The irregular shape of the patella makes it among the most difficult areas to execute the surgery, doctors say.

“It’s not just round; it’s not just flat,” said Dr. Matthew Matava, a St. Louis Blues team physician who specializes in sports medicine and cartilage restoration at Washington University. In his experience, some insurance companies have been hesitant to approve cartilage grafts for the patella for that reason.

Matava said he generally puts the knee in a brace and locks it in a straight, extended position after the surgery. On Thursday morning, Landeskog posted a photo on Instagram saying the procedure went well and showing his right leg positioned in a brace the same way. The reason is to avoid compression or shear stress on the kneecap.

“The patella rides against the end of your femur bone. … It’s not going against normal, smooth surfaces,” Matava said. “The way (hockey players) push off and are gliding on the ice — even though they’re not jumping or running like a basketball player would — there’s a lot of shear back and forth as they bend their knee and explode and push off the skate.”

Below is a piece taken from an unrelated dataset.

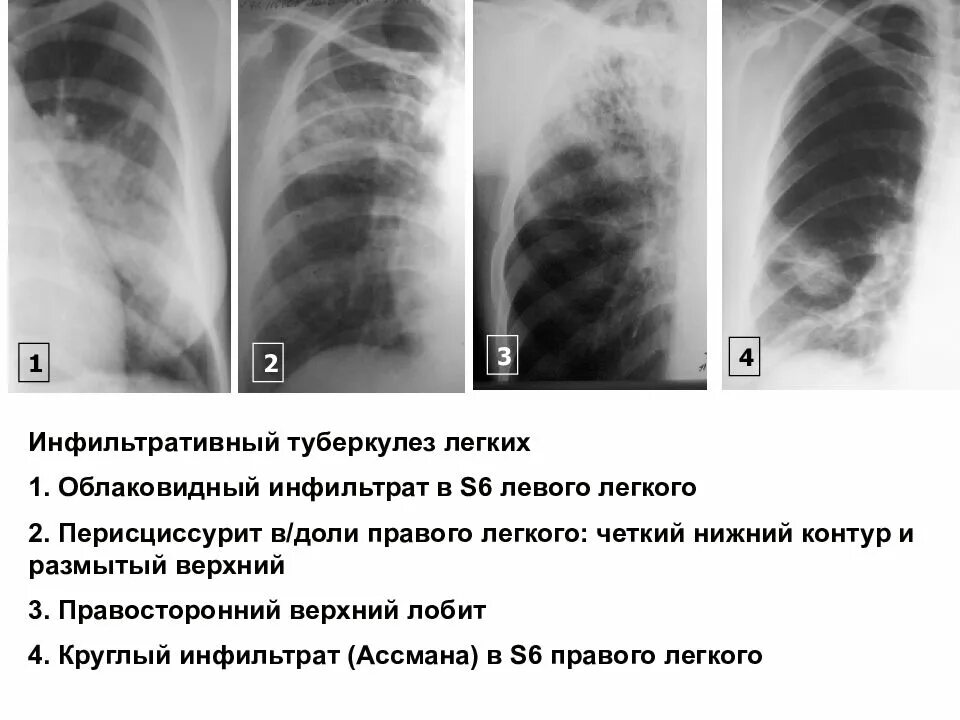 Округлый инфильтрат. Инфильтративный туберкулез рентгенография. Инфильтративный туберкулез рентген. Облаковидный инфильтративный туберкулез рентген. Инфильтративный туберкулез s6.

Kharrazi explained that minor damage can expand and worsen behind the patella. The doctors who spoke with The Post don’t know the precise details of Landeskog’s injury and can only speak generally about the nature of the injury, but this was likely the case for Landeskog. The captain continued playing in recent seasons after the initial skate blade incident. He even returned from a March 2022 procedure by the start of the playoffs a month later, helping the Avalanche win the Stanley Cup with a remarkable 22 points in 20 games on the injured knee.

“Almost like paint that chips off a wall or off a car, that (damaged) area gets bigger,” Kharrazi said.

During the rehab process, the new cartilage is growing into the impacted region. In order to be successful, the transplanted cartilage has to form a biological bond with the patella. As Matava described it, “the cells are sort of growing into the bone, and the bone is growing into the cells.”

The average recovery time is approximately a year, Frank said, although some patients take longer and some feel better more quickly. With Landeskog young (30), healthy and fit, he’s theoretically positioned for a faster, smoother rehab.

But again, the standard of recovery for a regular individual or lower-level athlete is different from the standard Landeskog is hoping to reach.

“We’re doing this to get you back to your life,” Frank tells patients. “To get you back to going up and down the stairs, playing with your kids or enjoying being outside with your family.”

Getting back to high-level competition is the “cherry on top,” she says.

It’ll be impossible to know whether the surgery was a true success or failure for another 9 to 12 months, when significant signs of progress should show. Landeskog said he hasn’t even ruled out playing in the 2024 playoffs yet. But this rehab process requires an intense level of commitment.

“There’s coming back at all, and there’s coming back at a high, NHL level where he’s the player he was of a world-class nature,” Matava said. Landeskog is plunging into the unknown, but Matava believes “he has everything going for him to get this to work.”